Jerry Renault is an unremarkable freshman at Trinity, a Catholic school which is home to a secret society of upperclassmen known as the Vigils. These seniors are known for bullying younger students into performing outrageous pranks, such as loosening all the screws in classroom furniture to make it collapse. When the school’s acting headmaster takes over the annual chocolate sale fundraiser, each boy is expected to sell a record fifty boxes apiece. Except for Jerry Renault, that is, because the Vigils have ordered him to cause a stir by refusing to sell the chocolates for ten straight days.
This minor act of rebellion escalates out of control as Jerry continues to refuse to sell the chocolates, even after the Vigils’ order has expired. He’s quickly marked as an outcast, and it becomes clear that this fundraiser isn’t so much about money as it is power, and whether it’s the teachers or the Vigils who really control the school. I never really liked this type of “man vs. society” conflict when I was younger since it seemed so unfair that the entire world was ganging up on one person. As an adult, though, I’ve since learned that life isn’t always fair.
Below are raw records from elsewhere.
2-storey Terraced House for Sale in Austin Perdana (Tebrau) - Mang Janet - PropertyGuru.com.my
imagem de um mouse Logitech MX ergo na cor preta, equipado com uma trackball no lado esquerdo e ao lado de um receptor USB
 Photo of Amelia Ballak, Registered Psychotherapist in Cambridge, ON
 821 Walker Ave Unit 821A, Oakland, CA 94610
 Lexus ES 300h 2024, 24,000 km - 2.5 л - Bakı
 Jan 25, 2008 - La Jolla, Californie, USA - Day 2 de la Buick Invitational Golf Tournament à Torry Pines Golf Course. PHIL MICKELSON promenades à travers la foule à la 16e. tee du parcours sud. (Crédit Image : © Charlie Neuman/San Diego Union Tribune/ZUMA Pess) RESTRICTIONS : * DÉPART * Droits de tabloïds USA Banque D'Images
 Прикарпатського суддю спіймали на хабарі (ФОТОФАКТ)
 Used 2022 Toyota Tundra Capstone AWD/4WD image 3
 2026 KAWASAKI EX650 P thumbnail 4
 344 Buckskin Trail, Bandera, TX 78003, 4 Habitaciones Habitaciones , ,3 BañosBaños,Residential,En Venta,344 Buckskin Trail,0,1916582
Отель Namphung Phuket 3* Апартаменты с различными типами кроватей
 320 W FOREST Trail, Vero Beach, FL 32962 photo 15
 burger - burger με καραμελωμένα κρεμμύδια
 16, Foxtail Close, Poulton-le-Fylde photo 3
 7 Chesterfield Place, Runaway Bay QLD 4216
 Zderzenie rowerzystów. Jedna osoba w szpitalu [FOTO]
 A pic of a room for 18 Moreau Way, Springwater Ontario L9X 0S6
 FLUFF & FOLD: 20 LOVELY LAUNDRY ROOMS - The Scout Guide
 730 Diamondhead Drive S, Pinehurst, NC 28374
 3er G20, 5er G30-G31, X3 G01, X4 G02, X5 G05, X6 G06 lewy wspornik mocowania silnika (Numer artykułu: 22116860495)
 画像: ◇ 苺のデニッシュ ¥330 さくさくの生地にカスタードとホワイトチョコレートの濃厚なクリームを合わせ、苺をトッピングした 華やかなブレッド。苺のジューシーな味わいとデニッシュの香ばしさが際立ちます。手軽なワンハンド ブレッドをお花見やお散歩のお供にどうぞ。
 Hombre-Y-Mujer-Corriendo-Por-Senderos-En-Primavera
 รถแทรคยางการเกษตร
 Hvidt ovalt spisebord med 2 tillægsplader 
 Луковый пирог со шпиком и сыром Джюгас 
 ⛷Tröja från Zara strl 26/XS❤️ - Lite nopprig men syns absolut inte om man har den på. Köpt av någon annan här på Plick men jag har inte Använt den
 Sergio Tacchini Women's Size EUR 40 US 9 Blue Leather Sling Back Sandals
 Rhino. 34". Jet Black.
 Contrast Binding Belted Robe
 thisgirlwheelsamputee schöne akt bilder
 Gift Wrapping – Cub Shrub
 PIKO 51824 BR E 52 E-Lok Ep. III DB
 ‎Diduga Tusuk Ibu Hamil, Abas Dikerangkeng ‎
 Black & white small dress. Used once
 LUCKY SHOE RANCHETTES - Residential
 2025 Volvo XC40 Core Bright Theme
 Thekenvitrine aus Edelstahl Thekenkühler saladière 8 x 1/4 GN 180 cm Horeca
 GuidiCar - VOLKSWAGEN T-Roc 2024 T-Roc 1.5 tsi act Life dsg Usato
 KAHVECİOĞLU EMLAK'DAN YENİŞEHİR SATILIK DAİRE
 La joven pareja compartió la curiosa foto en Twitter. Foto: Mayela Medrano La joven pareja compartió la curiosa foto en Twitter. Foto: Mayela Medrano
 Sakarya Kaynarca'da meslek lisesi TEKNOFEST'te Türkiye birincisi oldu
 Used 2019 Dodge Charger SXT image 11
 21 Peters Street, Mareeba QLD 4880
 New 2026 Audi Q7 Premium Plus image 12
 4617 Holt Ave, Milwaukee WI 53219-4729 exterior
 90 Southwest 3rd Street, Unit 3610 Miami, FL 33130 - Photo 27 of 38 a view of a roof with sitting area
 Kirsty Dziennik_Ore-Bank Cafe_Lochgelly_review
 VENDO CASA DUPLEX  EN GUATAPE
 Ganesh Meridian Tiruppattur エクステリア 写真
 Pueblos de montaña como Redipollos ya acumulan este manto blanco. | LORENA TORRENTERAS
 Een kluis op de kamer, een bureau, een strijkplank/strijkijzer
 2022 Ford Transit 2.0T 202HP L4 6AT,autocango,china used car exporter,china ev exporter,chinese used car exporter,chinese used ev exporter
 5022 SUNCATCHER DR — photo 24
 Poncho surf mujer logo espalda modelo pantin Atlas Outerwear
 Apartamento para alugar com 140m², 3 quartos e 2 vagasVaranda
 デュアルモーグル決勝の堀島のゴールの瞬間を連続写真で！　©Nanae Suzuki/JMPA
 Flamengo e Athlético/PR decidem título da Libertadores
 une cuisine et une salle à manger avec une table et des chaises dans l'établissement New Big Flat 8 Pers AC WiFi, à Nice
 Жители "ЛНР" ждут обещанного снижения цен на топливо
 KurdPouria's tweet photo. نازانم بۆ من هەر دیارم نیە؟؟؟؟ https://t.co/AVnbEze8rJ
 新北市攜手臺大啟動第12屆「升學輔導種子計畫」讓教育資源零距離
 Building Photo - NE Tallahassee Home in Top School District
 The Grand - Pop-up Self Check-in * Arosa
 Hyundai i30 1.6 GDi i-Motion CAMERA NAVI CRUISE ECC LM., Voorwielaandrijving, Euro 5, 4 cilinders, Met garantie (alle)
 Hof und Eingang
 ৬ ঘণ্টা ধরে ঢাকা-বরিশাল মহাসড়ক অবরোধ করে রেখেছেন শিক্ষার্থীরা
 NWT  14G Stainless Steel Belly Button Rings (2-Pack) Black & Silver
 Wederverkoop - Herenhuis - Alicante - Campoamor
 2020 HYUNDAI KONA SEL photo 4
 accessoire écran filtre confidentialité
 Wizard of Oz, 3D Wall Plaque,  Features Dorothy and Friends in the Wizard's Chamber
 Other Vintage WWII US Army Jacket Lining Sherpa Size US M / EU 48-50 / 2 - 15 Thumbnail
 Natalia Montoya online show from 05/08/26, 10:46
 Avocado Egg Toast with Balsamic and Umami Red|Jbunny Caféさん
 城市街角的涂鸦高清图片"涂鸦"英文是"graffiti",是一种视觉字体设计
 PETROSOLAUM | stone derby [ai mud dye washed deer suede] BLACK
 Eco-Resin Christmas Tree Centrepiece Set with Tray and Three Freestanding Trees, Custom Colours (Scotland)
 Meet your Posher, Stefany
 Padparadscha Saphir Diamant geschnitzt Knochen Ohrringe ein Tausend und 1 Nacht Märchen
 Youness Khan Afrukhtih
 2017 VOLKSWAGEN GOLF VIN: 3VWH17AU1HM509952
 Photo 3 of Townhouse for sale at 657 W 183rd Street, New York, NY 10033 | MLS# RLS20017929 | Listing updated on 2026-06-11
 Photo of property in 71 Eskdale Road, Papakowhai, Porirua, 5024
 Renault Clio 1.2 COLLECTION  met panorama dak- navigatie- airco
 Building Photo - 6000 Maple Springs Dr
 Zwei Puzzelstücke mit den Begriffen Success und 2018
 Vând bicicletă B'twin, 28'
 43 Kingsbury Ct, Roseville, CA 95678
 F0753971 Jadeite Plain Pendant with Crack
This hard fact is especially true when it comes to people who have the guts to be different or to take an opposing viewpoint.
Why do you think that some people choose to take a stand on a certain issue, even when it means they could potentially be embarrassed or humiliated? After all, wouldn’t it be easier to just go along with the program and not make any waves? Do you think that there might be some kind of breaking point that makes people want to stand up and rebel, even if it’s over an issue that might seem trivial to others?